Infact I have tried with all the options.
1. We use Cassandra reaper for our repair, which does the sub range repair.
2. I have also developed a shell script, which exactly does the same, as
what reaper does. But this can control, how many repair session will run
concurrently.
3. Also tried with full repair.
4. Tried running repair in two DCs at a time. While the repair between DC1
And DC2 goes fine, but repair between DC1 and DC3 or between DC2 and DC3 fails.
So I will try setting inter-dc stream thruput to 20Mbps and see how that goes.
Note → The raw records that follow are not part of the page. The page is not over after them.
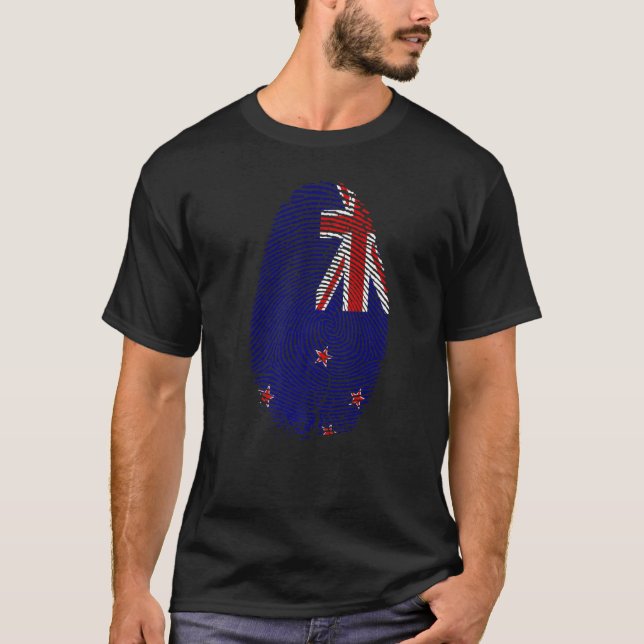 New Zealand Flag Fingerprint Dna  New Zealanders T-Shirt (Front)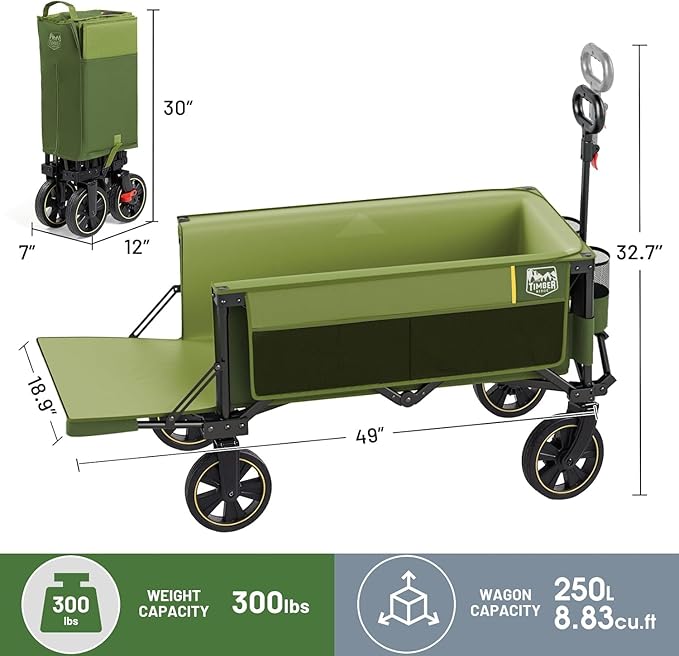 TIMBER RIDGE 49" Extra Long Collapsible Folding Wagon with Tailgate and Brakes, 300lbs Heavy Duty Wagon Carts Foldable, 250L Capacity Portable Cart for Dogs, Garden, Outdoor Camping Sports, Green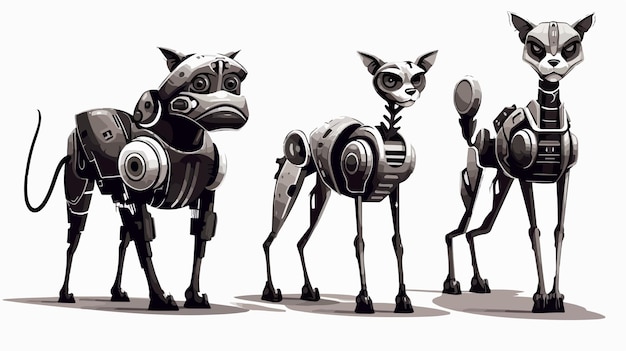 three small robots are standing in a row one of which has a cat on it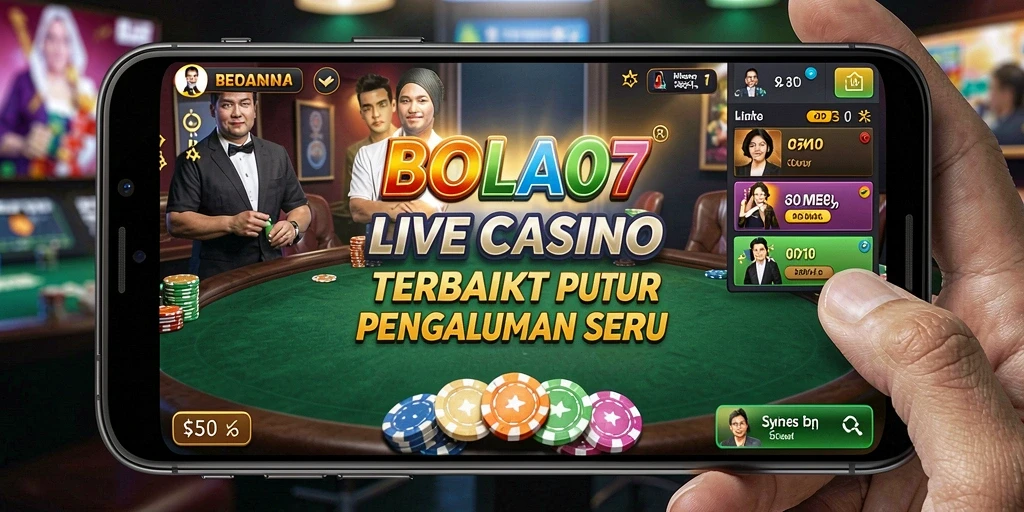 Screenshot BOLA07 menampilkan dealer langsung dan meja permainan yang interaktif.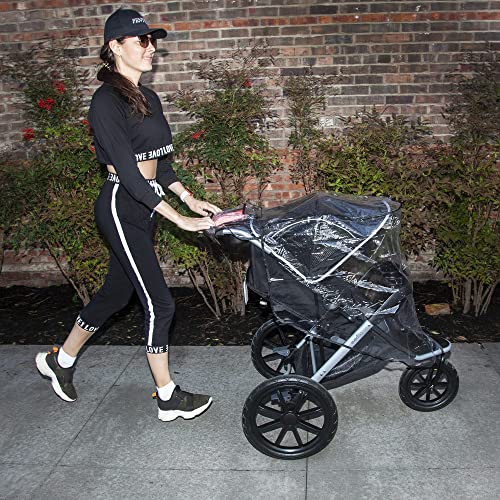 Jeep Jogging Stroller Weather Shield, Baby Rain Cover, Universal Size to fit most Jogging Strollers, Waterproof, Windproof, Ventilation,Protection, Pram,Vinyl, Clear, Plastic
Is there anything else that could be done in this case ?
Thanks
Kishore Mohapatra
Principal Operations DBA
Seattle, WA
Email : [email protected]<mailto:[email protected]>
From: Jeff Jirsa [mailto:[email protected]]
Sent: Friday, September 15, 2017 10:27 AM
To: cassandra <[email protected]>
Subject: [EXTERNAL] Re: Cassandra repair process in Low Bandwidth Network
Hi Kishore,
Just to make sure we're all on the same page, I presume you're doing full
repairs using something like 'nodetool repair -pr', which repairs all data for
a given token range across all of your hosts in all of your dcs. Is that a
correct assumption to start?
In addition to throttling inter-dc stream throughput (which you should be able
to set quite low - perhaps as low as 20 Mbps), you may also want to consider
smaller ranges (using a concept we call subrange repair, where instead of using
-pr, you pass -st and -et - which is what tools like
http://cassandra-reaper.io/<https://urldefense.proofpoint.com/v2/url?u=http-3A__cassandra-2Dreaper.io_&d=DwMFaQ&c=djjh8EKwHtOepW4Bjau0lKhLlu-DxM1dlgP0rrLsOzY&r=O20_rcIS1QazTO3_J10I1cPIygxnuBZ4sUCz1TS16XE&m=rNdSqNv4gpfoluDbS5uGdjDRj6zcJVHGYOSaJyl7FmQ&s=SiggeMxLLmJXEW7ljC48Lap4qov05ZvEuRJ_ybaxffI&e=>
do ) - this will keep streams smaller (in terms of total bytes transferred per
streaming session, though you'll have more sessions). Finally, you can use
-host and -dc options to limit repair so that sessions don't always hit all 3
dcs - for exactly, you could do a repair between DC1 and DC2 using -dc, then do
a repair of DC1 and DC3 using -dc - it's a lot more coordination required, but
likely helps cut down on the traffic over your VPN link.
On Fri, Sep 15, 2017 at 9:09 AM, Mohapatra, Kishore
<[email protected]<mailto:[email protected]>> wrote:
Hi,
we have a cassandra cluster with 7 nodes each in 3 datacenters. We are
using C* 2.1.15.4 version.
Network bandwidth between DC1 and DC2 is very good (10Gbit/s) and a dedicated
one. However network pipe between DC1 and DC3 and between DC2 and DC3 is very
poor and has only 100 MBit/s and also goes thru VPN network. Each node contains
about 100 Gb of data and has a RF of 3. Whenever we run the repair, it fails
with streaming errors and never completes. I have already tried the streaming
timeout parameter to a very high value. But it did not help. I could repair
either just in the local dc or just the first two DCs. Can not repair DC3 when
i combine with the other two DCs.
So how can i successfully repair the keyspace in these kind of environments ?
I see that there is a parameter to throttle the inter-dc stream thruput, which
default to 200 MBit/s. So what is the minimum threshold that i could set it to
without affecting the cluster ?
Is there any other way to work in these kind of environments ?
I will appreciate your feedback and help on this.
Thanks
Kishore Mohapatra
Principal Operations DBA
Seattle, WA
Email : [email protected]<mailto:[email protected]>